TSV Starnberg macht sein Meisterstück

Starnberg - Regionalliga, sie kommen. Die Tennis-Herren des TSV 1880 Starnberg krönten sich am Sonntag durch einen souveränen Heimerfolg zum Meister der Bayernliga Süd.

„Als ich vor rund 15 Jahren zum Verein gekommen bin, hat die Mannschaft in der Regionalliga, die damals die 2. Liga war, gespielt. Wir sind dann aber mit einer jungen Truppe schnell abgestiegen“, erinnert sich Daniel Kunz. Seit Sonntag darf der Kapitän des Starnberger Tennis-Teams mit den Vorbereitungen für einen neuen Versuch in der Regionalliga beginnen. Durch den klaren 13:8 (10:2)-Heimsieg über Wolfratshausen sicherten sich die TSV-Akteure den Meistertitel in der Bayernliga.

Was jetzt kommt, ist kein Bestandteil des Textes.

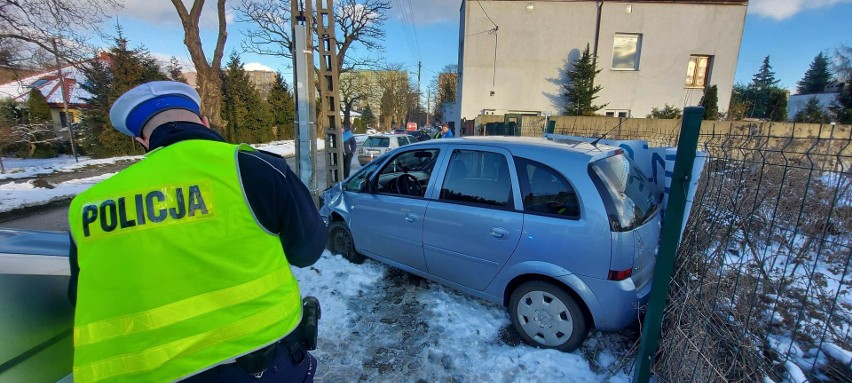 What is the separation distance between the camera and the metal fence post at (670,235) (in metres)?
1.74

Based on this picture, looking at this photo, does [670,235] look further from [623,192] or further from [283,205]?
[283,205]

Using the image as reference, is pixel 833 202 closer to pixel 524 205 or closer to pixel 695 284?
pixel 695 284

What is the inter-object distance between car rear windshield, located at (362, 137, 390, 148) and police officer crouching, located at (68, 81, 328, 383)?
13.5 m

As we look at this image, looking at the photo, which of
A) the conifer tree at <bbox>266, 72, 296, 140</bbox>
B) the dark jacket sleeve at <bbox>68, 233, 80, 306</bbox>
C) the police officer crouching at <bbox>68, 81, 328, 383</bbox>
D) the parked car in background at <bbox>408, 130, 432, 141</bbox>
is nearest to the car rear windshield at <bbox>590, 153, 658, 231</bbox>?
the police officer crouching at <bbox>68, 81, 328, 383</bbox>

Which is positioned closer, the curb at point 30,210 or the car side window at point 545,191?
the car side window at point 545,191

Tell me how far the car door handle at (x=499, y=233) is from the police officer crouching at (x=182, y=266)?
1893mm

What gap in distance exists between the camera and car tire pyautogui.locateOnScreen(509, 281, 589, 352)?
2.64 meters

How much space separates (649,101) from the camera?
19547mm

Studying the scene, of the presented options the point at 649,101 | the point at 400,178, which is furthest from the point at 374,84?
the point at 400,178

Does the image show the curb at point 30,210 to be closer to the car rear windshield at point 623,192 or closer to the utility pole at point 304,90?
the utility pole at point 304,90

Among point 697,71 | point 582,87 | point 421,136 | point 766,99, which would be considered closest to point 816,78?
point 766,99

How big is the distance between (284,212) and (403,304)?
2.49 meters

„Es müsste schon viel schiefgehen, dass wir den Aufstieg nicht annehmen. Die Jungs haben sich das verdient“, sagte Kunz. Der Spielführer musste am letzten Spieltag aufgrund von Personalproblemen selbst ins Geschehen eingreifen. Er schlug Tobias Eichmann glatt in zwei Sätzen. Auch sonst hatten die ebenfalls stark dezimierten Gäste wenig zu melden. „Wir hätten Starnberg gerne mehr Gegenwehr geboten, auch weil wir nicht Sechster werden wollten. Aber zwei unserer Schlüsselspieler sind kurzfristig ausgefallen“, sagte Wolfgang Wenus, der einst selbst in Starnberg aufschlug. „Ich gönne es aber meinem Ex-Verein, denn das ist schon eine geile Truppe“, so Wenus.

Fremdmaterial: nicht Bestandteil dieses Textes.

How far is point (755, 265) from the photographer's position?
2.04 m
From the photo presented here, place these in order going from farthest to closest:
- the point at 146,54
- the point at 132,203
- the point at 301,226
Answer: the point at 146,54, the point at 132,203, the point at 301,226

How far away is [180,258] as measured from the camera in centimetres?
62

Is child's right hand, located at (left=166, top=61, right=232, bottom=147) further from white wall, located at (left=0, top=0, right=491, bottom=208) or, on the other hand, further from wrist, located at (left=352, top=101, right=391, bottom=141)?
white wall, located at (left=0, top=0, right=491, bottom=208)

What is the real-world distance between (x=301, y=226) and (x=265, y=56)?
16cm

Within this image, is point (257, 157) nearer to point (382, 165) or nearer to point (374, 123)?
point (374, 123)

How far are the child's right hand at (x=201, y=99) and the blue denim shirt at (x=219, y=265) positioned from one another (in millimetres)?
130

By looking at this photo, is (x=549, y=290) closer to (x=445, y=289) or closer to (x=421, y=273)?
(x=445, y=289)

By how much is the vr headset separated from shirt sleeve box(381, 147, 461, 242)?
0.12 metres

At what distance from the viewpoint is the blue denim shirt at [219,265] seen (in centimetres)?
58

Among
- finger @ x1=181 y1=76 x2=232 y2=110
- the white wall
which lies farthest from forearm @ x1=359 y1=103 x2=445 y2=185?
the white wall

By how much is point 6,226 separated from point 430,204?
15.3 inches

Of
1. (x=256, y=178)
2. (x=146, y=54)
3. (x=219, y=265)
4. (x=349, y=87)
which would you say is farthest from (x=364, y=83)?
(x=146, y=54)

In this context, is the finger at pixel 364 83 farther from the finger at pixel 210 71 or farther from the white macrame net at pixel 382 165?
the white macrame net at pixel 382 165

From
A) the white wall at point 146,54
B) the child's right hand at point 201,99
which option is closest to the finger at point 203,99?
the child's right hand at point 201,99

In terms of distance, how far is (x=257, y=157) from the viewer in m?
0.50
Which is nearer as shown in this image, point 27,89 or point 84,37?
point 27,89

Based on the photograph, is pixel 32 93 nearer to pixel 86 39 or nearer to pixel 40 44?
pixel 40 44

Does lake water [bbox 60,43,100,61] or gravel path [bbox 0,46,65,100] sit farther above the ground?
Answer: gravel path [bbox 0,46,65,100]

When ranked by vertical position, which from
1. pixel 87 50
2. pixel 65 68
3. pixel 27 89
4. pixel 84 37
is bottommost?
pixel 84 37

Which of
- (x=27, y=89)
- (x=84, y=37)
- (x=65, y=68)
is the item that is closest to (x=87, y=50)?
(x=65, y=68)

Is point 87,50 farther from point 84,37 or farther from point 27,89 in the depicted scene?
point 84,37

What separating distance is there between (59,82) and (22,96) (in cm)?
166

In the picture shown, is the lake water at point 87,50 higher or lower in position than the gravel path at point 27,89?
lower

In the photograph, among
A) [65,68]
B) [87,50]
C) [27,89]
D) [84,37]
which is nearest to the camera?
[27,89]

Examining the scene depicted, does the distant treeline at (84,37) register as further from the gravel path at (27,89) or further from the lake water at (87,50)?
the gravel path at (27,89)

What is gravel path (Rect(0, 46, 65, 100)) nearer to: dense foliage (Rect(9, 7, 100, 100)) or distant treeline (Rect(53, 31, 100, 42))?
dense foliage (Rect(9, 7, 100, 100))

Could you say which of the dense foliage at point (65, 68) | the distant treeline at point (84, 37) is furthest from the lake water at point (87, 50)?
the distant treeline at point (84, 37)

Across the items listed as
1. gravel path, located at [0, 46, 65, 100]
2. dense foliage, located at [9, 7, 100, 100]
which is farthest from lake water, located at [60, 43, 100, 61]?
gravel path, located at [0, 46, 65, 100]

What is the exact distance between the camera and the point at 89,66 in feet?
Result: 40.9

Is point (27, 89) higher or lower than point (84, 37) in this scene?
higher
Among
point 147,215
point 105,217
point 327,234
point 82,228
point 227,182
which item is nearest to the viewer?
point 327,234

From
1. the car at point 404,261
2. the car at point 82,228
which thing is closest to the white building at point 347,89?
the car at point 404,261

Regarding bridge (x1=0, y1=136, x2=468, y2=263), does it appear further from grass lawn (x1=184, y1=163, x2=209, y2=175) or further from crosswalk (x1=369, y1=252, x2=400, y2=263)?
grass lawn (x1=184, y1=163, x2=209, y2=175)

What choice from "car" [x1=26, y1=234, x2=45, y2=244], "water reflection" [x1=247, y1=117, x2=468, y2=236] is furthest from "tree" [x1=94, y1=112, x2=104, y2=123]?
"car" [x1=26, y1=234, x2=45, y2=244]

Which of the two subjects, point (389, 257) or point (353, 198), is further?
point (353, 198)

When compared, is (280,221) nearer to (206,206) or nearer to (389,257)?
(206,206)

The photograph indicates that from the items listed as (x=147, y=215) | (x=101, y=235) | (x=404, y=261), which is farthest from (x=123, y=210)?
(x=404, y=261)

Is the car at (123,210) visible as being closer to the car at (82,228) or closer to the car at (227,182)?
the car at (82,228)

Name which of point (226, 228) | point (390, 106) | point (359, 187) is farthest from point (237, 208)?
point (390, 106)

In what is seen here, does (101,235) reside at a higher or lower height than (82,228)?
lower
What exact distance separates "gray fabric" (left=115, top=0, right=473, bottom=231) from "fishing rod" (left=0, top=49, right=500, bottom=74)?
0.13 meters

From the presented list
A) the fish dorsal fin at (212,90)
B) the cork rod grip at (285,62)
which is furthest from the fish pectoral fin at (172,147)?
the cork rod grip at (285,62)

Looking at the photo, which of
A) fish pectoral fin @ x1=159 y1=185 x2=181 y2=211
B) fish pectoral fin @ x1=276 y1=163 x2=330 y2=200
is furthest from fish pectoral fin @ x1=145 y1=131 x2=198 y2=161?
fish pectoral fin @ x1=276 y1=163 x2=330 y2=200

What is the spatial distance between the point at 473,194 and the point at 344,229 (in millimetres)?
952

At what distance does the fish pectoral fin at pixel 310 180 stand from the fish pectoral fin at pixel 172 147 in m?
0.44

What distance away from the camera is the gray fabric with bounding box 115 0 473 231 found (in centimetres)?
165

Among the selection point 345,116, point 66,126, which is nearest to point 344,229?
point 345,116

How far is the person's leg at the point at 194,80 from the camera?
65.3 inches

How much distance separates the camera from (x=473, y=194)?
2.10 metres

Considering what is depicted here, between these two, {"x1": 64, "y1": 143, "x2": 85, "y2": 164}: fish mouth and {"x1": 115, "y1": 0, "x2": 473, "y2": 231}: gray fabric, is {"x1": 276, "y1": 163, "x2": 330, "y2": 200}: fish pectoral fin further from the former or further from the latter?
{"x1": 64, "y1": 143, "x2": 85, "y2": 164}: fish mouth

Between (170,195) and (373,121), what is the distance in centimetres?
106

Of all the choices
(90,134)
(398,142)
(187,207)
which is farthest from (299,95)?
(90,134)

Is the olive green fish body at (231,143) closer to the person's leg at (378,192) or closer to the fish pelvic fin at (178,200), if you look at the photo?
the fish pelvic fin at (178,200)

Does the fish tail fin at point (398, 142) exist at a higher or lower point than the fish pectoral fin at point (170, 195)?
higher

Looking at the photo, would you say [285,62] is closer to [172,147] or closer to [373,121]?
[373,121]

Die Starnberger zeigten am Sonntag, dass sie Ausfälle gut verkraften können. Ferdinand Guggenmos feierte im vierten Anlauf seinen ersten Saisonsieg. Der aus dem zweiten Team aufgerückte Nils Strachauer holte gar seinen ersten Erfolg in der Bayernliga. Dominic Weidinger krönte seine starke Saison und machte mit dem glatten Erfolg über Wenus die 7:0-Einzelbilanz perfekt.

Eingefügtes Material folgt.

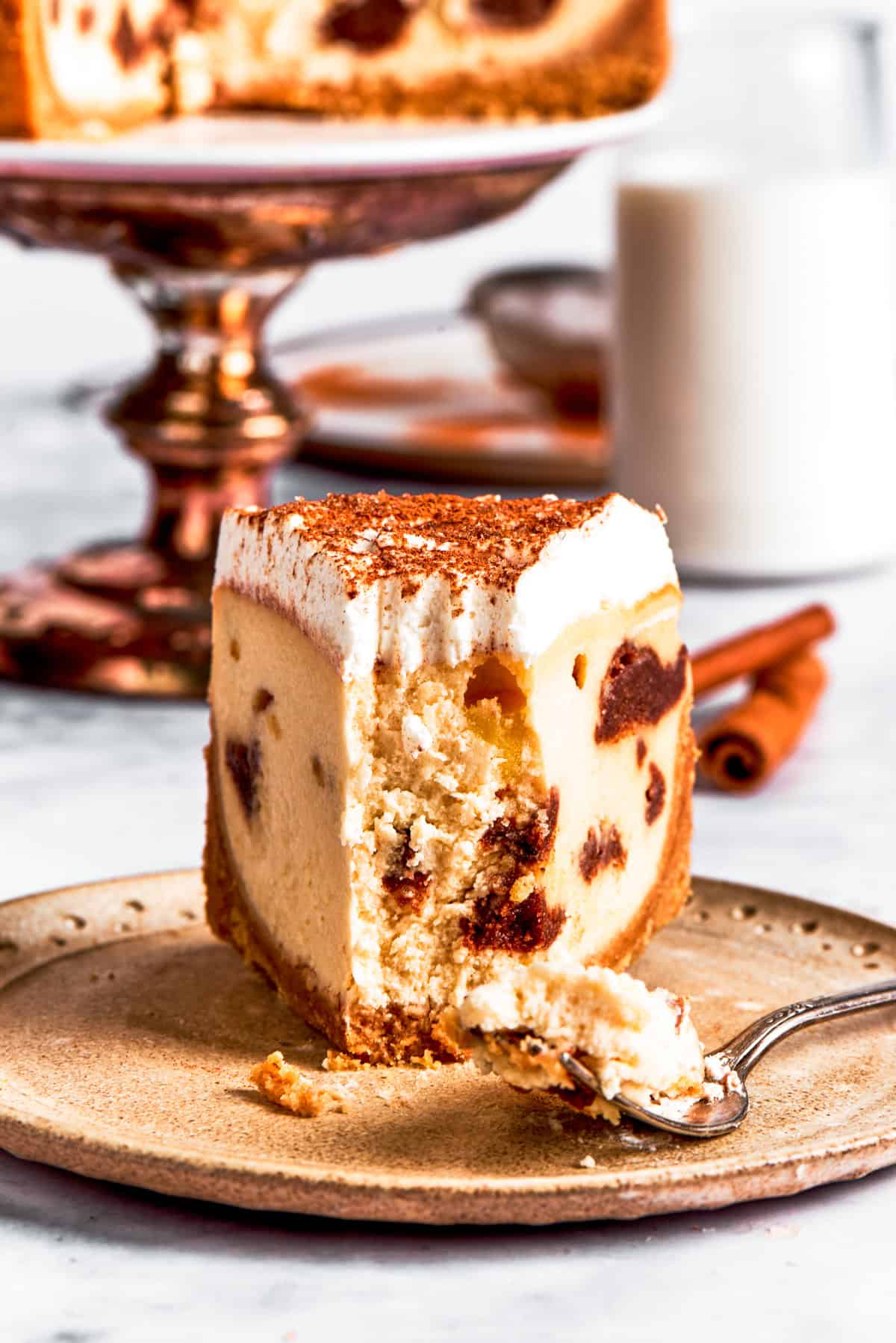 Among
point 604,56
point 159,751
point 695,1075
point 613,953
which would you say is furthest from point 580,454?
point 695,1075

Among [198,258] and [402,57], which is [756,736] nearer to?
[198,258]

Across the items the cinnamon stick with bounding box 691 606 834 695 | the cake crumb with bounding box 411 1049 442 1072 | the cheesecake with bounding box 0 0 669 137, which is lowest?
the cinnamon stick with bounding box 691 606 834 695

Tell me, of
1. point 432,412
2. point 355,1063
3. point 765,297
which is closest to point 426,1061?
point 355,1063

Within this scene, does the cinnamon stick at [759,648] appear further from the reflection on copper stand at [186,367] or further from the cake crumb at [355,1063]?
the cake crumb at [355,1063]

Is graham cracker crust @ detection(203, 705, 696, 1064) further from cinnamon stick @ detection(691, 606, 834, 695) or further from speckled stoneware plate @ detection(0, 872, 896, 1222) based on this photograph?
cinnamon stick @ detection(691, 606, 834, 695)

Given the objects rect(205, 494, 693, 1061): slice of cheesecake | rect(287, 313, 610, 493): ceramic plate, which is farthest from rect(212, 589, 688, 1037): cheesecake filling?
rect(287, 313, 610, 493): ceramic plate

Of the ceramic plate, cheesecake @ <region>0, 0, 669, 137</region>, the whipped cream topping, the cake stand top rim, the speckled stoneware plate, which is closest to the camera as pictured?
the speckled stoneware plate

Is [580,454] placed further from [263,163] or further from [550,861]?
[550,861]

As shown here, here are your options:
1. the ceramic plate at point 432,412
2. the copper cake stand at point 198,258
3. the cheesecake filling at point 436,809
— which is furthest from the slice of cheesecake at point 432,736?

Markus Weiglhofer holte den wichtigen fünften Punkt. Selbst drei ausgelassene Matchbälle brachten den Österreicher nicht aus der Ruhe. Ein Sonderlob von Kunz bekam aber ausgerechnet Jakob Schnaitter, der sein Match gegen Philipp Piyamongkol noch aus der Hand gab. „Er hat sich an Position eins viel besser geschlagen, als ich vor der Saison gedacht hätte“, sagte Kunz, der nun erstmal Geld auftreiben muss. Schließlich werden die Starnberger in der 3. Liga anders als bisher Schiedsrichter bezahlen müssen. Zudem sind die Fahrtkosten deutlich höher. „Wir müssen aber natürlich auch schauen, ob wir überhaupt ausreichend Plätze zur Verfügung haben. Immerhin hat sich das Thema Bebauung erstmal erledigt“, sagte Kunz in Bezug auf die neuesten Entwicklungen in Sachen Vereinsgelände am Riedener Weg.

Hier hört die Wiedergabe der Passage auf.